I can at least work around this by putting a Count/>/Switch sequence on the input of the DynamicBuffer that switches to a dummy 3D point if no data present.
With dynamic input, there are occasional gaps in the geometry:
I think most geometry shaders will be pretty unhappy if you send nil to them. I don’t really know of a way to check the input buffer size from the patch.
For your gaps, it’s quite a well known issue. It’s basically due to using a single up-vector. In most cases it’s enough to tweak it a little, but there will always be a ‘blind spot’ (or rather angle). One solution (not impmented in the noodle node) is to use a buffer for this lookup value as well. In effect you are then needing to send a 2nd spline to act as a rail for your actual one.

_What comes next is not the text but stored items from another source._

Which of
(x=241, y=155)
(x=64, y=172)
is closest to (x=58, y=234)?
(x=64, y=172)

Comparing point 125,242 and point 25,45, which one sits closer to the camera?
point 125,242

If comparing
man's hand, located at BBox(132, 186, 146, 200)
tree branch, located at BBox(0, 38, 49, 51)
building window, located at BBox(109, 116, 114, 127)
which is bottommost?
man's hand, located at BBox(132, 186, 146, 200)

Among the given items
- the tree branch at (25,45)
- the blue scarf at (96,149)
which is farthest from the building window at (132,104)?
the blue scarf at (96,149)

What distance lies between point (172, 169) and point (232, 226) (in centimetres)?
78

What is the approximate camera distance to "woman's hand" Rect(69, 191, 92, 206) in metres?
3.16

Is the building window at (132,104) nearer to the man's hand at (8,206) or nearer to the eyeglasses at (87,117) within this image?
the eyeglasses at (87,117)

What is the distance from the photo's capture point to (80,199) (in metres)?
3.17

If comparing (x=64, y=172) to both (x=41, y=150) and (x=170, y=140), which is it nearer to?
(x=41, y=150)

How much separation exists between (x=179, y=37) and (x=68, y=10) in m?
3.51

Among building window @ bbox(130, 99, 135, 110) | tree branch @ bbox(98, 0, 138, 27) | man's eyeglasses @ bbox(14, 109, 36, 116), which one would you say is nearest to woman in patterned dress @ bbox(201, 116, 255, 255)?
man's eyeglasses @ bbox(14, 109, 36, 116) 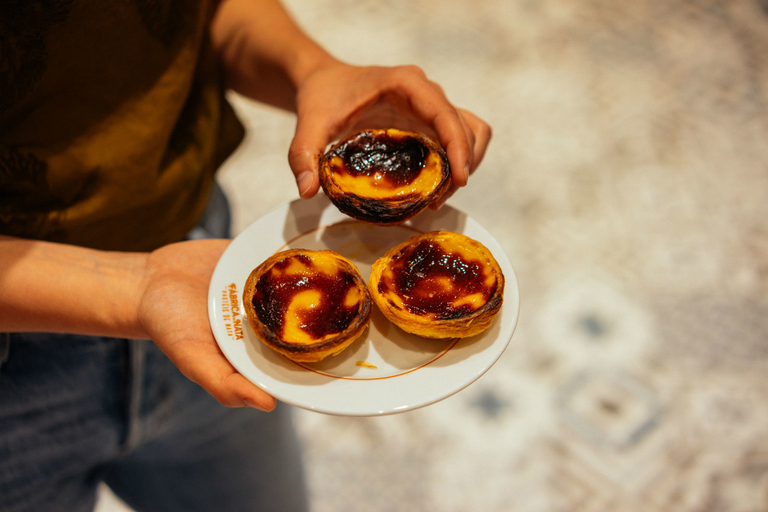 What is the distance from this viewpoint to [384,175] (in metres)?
1.38

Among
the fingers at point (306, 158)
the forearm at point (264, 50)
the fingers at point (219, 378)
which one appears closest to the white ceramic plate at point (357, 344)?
the fingers at point (219, 378)

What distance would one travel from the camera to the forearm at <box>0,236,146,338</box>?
1116 mm

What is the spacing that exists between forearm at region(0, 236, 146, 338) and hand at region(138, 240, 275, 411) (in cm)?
5

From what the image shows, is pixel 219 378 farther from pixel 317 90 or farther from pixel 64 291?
pixel 317 90

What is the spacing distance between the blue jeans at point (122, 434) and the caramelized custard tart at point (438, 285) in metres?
0.58

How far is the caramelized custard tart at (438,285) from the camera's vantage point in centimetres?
115

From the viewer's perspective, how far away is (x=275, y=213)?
1.39m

About the gaps, yes I see now. Bummer. Could using a quaternion fix that? I thought those helped avoid axis-lock.
But the Nil behavior seems pretty broken, as that node is unusable from that point on, basically requiring restarting vvvv in a production setting. So internal state is being really screwed up somehow. Seems there should be some way of detecting it, fail gracefully, etc. - but I am no geometry shaderist. Imagine if in C# if you did a divide by zero once and then all divides stop working from then on! Yeow!
Again I am no shaderist, but I know the DX11 pack had some similar problems that got worked out. But at least for now this workaround avoids it. Thanks!